11. API Rate Limiting and Throttling
Problem
- Public APIs or internal microservices can be bombarded by excessive requests (malicious or accidental).
- Without controls, this can degrade service performance or even take down critical components.
Solution Approaches
- Token Bucket/Leaky Bucket Algorithms: Keep track of request tokens that refill over time; once tokens are depleted, throttle new requests.
- Centralized API Gateway: A gateway layer that enforces rate limits for all upstream services (e.g., Kong, AWS API Gateway).
- Distributed Rate Limiting: Use Redis or another shared store to coordinate rate limits across multiple servers.
12. Data Migration and Schema Evolution
Problem
- Production databases need schema or data changes without downtime.
- Large migrations can lock tables, cause major performance hits, or break old code expecting a different schema.
Solution Approaches
- Blue-Green or Rolling Deployments: Spin up new versions of the service or DB while the old version is still running, then switch traffic.
- Backward-Compatible Changes (Expand-Contract Pattern): Deploy code that can handle both old and new schema before actually switching the schema.
- Online Schema Migration Tools (e.g., gh-ost, pt-online-schema-change): Perform table changes in a way that minimizes locking and downtime.
13. Strong Consistency vs. Eventual Consistency
Problem
- Some systems demand immediate, strict consistency (e.g., banking transactions). Others can tolerate a slight delay (e.g., social media feeds).
- Choosing the wrong model can cripple performance or the user experience.
Solution Approaches
- Strong Consistency: Requires more coordination (two-phase commit, distributed transactions). Slower but real-time correctness.
- Eventual Consistency: Systems like Cassandra or DynamoDB replicate asynchronously; faster writes, but short-term stale reads may occur.
- Hybrid Models: Some system parts require strong consistency (e.g., user authentication), while others can be eventually consistent (e.g., analytics).
14. Feature Toggles and Canary Releases
Problem
- Rolling out a new feature to 100% of users at once is risky. If something is wrong, there’s a huge blast radius.
- Hard to roll back or mitigate if the deployment is large and complex.
Solution Approaches
- Feature Flags: Wrap features in toggles that can be turned on/off without a redeploy.
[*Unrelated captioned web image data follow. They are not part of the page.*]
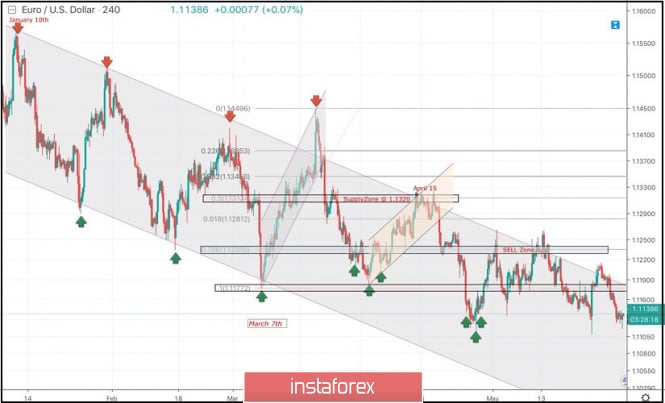 May 30, 2019 : EUR/USD Intraday technical analysis and trade recommendations.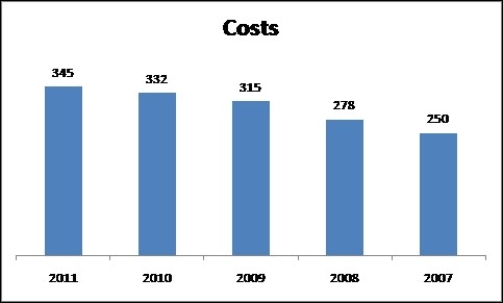 <strong>Which of the following statements is true about the chart below? </strong> A) The x-axis is in reverse chronological order, which violates a principle of proper graph design. B) The chart appears to conform to the principles of proper graph design. C) The vertical axis doesn't appear to start at the origin (zero). D) The chart used 2-D bars instead of 3-D, which violates a principle of proper graph design.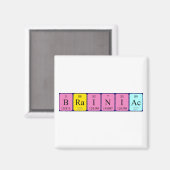 Periodieke brainiaknaam magnet magneet (Voorkant / Achterkant)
Useful for controlled rollouts or A/B testing.
- Canary Deployments: Expose the new version to a small percentage of users first. If stable, gradually increase.
- Blue-Green Deployment: Maintain two production environments (blue and green). Switch traffic from one to the other post-verification.
15. Infrastructure as Code and CI/CD Pipelines
Problem
- Manually configuring servers leads to inconsistencies and “snowflake” servers.
- Slow or error-prone deployments hinder agility and reliability.
Solution Approaches
- Infrastructure as Code (IaC): Define servers and networking in files (Terraform, CloudFormation), use version control.
- Automated CI/CD: Pipelines (Jenkins, GitLab CI, GitHub Actions) automate builds, tests, and deployments.
- Immutable Infrastructure: Spin up new servers or containers for each deploy rather than patching existing ones.
16. Global Latency and Data Locality
Problem
- Serving a global user base from one region leads to high latency for distant clients.
- Potential data-sovereignty or compliance issues if user data can’t leave a certain country/region.
Solution Approaches
- Multiple Regions / Multi-Cloud: Deploy services closer to where users are.
- Geo-Replication of Databases: Copies of data in each region, often eventually consistent.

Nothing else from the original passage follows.